During a chemical reaction, molecules gain energy until they reach what is known as a transition state—a point of no return from which the reaction must proceed. This state is so fleeting that it is almost impossible to observe it experimentally.
The structures of these transition states can be calculated using techniques based on quantum chemistry, but this process is extremely time-consuming. A team of MIT researchers has now developed an alternative approach, based on machine learning, that can calculate these structures much faster — within seconds.
Their new model could be used to help chemists design new reactions and catalysts to create useful products such as fuels or medicines, or to model natural chemical reactions such as those that could have contributed to the evolution of life on Earth.
“Knowing what the structure of the transition state is is really important as a starting point for thinking about designing catalysts or understanding how natural systems carry out certain transformations,” says Heather Kulik, associate professor of chemistry and chemical engineering at MIT and the senior author of the study. .
Chenru Duan PhD ’22 is its lead author a paper describing the projectappearing today at Nature Computational Science. Cornell University graduate student Yuanqi Du and MIT graduate student Haojun Jia are also authors of the paper.
Fleeting transitions
For any chemical reaction to occur, it must pass through a transition state, which occurs when the energy threshold required for the reaction to proceed is reached. The probability that any chemical reaction will occur is determined in part by how likely the transition state is to form.
“The transition state helps determine the likelihood that a chemical transformation will occur. “If we have a lot of stuff we don’t want, like carbon dioxide, and we’d like to turn it into a useful fuel like methanol, the transition state and how favorable that is determines how likely we are to get from reactant to product,” says Kulik.
Chemists can calculate transition states using a quantum chemistry method known as density functional theory. However, this method requires a huge amount of computing power, and it can take many hours or even days to calculate just one transition state.
Recently, some researchers have tried to use machine learning models to discover transition state structures. However, the models developed so far require considering two reactants as a single entity in which the reactants maintain the same orientation with respect to each other. Any other possible orientations must be modeled as separate reactions, which adds to computational time.
“If the molecules of the reactants are rotated, then in principle, before and after this rotation they can undergo the same chemical reaction. But in the traditional machine learning approach, the model will see them as two different reactions. This makes machine learning training much more difficult, as well as less expensive,” says Duan.
The MIT team developed a new computational approach that allowed them to represent two reactants in any arbitrary orientation to each other, using a type of model known as a diffusion model, which can learn which types of processes are most likely to produce a particular outcome. As training data for their model, the researchers used reactant, product and transition state structures calculated using quantum computing methods for 9,000 different chemical reactions.
“Once the model learns the underlying distribution of how these three structures coexist, we can give it new reactants and products, and it will try to create a transition state structure that combines with those reactants and products,” says Duan .
The researchers tested their model on about 1,000 reactions it had never seen before, asking it to generate 40 possible solutions for each transition state. They then used a “confidence model” to predict which situations were most likely to occur. These solutions were accurate to within 0.08 angstroms (one hundred millionth of a centimeter) compared to transition state structures generated using quantum techniques. The entire computational process takes only a few seconds for each reaction.
“You can imagine that it really amounts to thinking about creating thousands of transitions in the time it would normally take you to create just a handful using the conventional method,” says Kulik.
Modeling reactions
Although the researchers trained their model primarily on reactions involving compounds with a relatively small number of atoms—up to 23 atoms for the entire system—they found that it could also make accurate predictions for reactions involving larger molecules.
“Even if you look at larger systems or enzyme-catalyzed systems, you get pretty good coverage of the different types of ways that individuals are most likely to rearrange,” says Kulik.
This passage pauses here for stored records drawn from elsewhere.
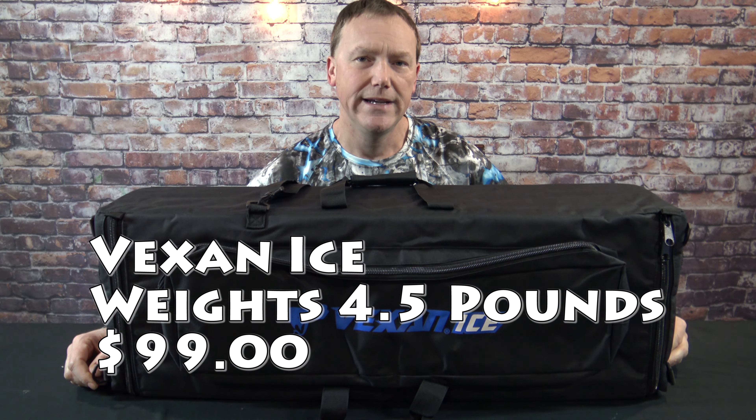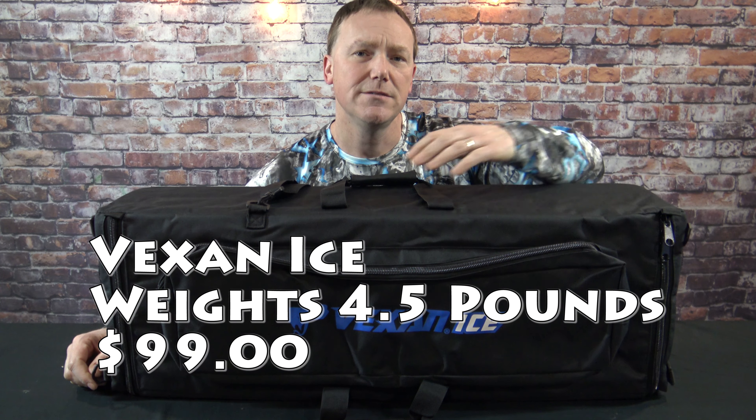If you're looking for a good high quality ice fishing bag this season, this is my number one pick: the Vexan hard bag. I've already done a comparison video between the hard bag and the soft bag. My personal favorite is this hard bag because of all the offered protection and extra storage. We're gonna go through all the features and conveniences in this video, and by the end of the video this is probably gonna be the one you're gonna order.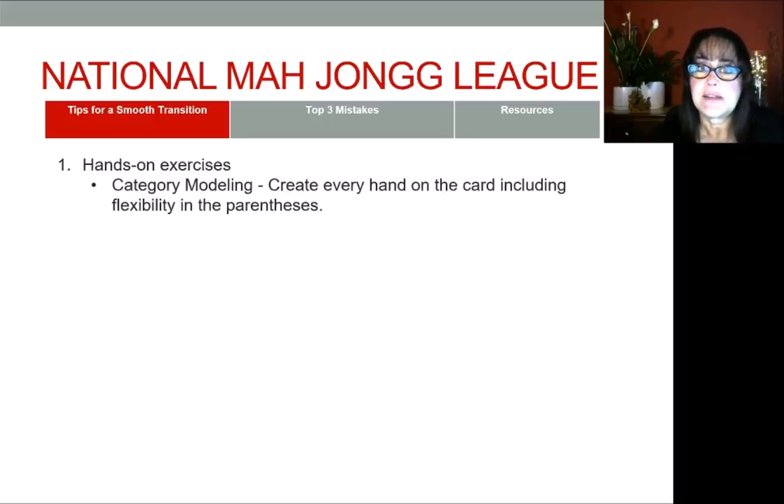The first hands-on exercise I highly recommend when you get the new card is what I call category modeling. This is where you create every hand on the card. You get your tiles out, you have your card with you, and you start with the year — the very first hand under the year. You look at that combination, you read the parentheses, and then you build the hand. Any time there is some flexibility in the parentheses, play with the hand a little bit and see how different tiles can change the look and feel of the hand.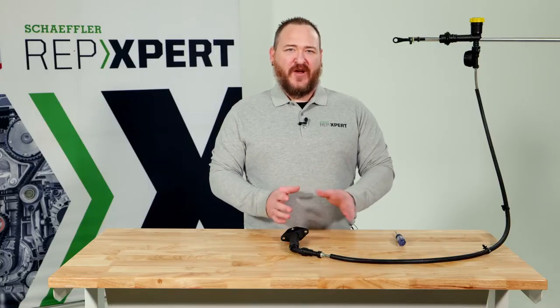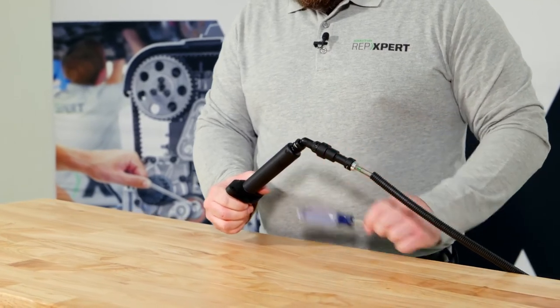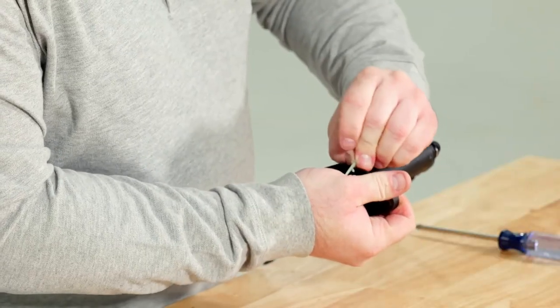Sometimes you can assist the air bubbles by lightly tapping on the side of the slave cylinder during this process. When you're done bleeding the system, you will reattach the plastic retaining straps and install the component on the vehicle.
The researchers now plan to expand their model to incorporate other ingredients, such as catalysts, which could help them investigate how much a particular catalyst would speed up a reaction. This could be useful for developing new processes for the production of pharmaceuticals, fuels or other useful compounds, especially when the synthesis involves several chemical steps.
“Traditionally all these calculations are done with quantum chemistry, and now we are able to replace the quantum chemistry part with this fast production model,” says Duan.
Another possible application of this kind of model is to investigate the interactions that may occur between gases found on other planets, or to model the simple reactions that may have occurred during the early evolution of life on Earth, the researchers say.
The new method represents “an important step forward in predicting chemical reactivity,” says Jan Halborg Jensen, a professor of chemistry at the University of Copenhagen, who was not involved in the research.
“Finding the transition state of a reaction and the associated barrier is the key step in predicting chemical reactivity, but also one of the most difficult tasks to automate,” he says. “This problem holds back many important fields, such as computational catalysis and reaction discovery, and this is the first paper I’ve seen that could remove this bottleneck.”
The research was funded by the US Office of Naval Research and the National Science Foundation.